YOUR INSTRUCTIONS: Using the records below, write out the line with "Consegue adivinhar todos?" and each line after it through the final one, exactly, and only those.

Records from a data collection
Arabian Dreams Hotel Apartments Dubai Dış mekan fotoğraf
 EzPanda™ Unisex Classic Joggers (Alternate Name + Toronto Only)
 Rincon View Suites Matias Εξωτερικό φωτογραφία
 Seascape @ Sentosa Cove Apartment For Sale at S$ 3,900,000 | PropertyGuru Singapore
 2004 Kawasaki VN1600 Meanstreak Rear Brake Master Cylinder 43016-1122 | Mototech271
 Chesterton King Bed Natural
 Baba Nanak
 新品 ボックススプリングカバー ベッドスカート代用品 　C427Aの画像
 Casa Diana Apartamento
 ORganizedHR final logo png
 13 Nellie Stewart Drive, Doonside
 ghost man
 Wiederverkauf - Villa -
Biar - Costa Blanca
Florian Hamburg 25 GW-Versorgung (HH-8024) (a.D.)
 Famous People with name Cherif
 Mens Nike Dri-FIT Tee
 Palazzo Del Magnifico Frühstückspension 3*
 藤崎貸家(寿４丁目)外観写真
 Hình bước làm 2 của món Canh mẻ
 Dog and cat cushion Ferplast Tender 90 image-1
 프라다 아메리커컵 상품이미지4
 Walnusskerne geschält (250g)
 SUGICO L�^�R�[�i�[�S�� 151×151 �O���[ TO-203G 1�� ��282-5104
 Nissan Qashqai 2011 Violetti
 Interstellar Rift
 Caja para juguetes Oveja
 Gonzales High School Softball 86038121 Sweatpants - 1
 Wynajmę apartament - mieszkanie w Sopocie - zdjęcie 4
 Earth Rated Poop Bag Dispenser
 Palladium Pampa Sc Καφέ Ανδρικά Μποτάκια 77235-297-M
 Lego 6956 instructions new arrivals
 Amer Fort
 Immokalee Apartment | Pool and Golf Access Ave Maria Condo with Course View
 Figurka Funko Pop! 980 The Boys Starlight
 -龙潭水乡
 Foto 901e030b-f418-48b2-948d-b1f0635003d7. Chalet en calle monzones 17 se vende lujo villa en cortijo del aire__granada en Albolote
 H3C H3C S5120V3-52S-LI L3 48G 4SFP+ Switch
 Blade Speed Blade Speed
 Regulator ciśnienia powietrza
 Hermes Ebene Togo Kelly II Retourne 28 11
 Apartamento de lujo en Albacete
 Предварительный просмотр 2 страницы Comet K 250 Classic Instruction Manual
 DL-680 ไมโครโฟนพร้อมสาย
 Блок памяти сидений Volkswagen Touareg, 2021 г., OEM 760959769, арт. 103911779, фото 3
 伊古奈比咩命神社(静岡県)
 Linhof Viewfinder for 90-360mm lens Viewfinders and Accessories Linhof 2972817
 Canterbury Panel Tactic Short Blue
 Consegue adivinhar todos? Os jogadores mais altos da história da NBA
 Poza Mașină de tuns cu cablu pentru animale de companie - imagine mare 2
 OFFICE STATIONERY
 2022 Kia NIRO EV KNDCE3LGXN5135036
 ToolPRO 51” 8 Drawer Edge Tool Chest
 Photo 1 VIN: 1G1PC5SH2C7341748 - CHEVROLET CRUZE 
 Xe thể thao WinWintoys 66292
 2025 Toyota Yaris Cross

RESPONSE AREA:
 Consegue adivinhar todos? Os jogadores mais altos da história da NBA
 Poza Mașină de tuns cu cablu pentru animale de companie - imagine mare 2
 OFFICE STATIONERY
 2022 Kia NIRO EV KNDCE3LGXN5135036
 ToolPRO 51” 8 Drawer Edge Tool Chest
 Photo 1 VIN: 1G1PC5SH2C7341748 - CHEVROLET CRUZE 
 Xe thể thao WinWintoys 66292
 2025 Toyota Yaris Cross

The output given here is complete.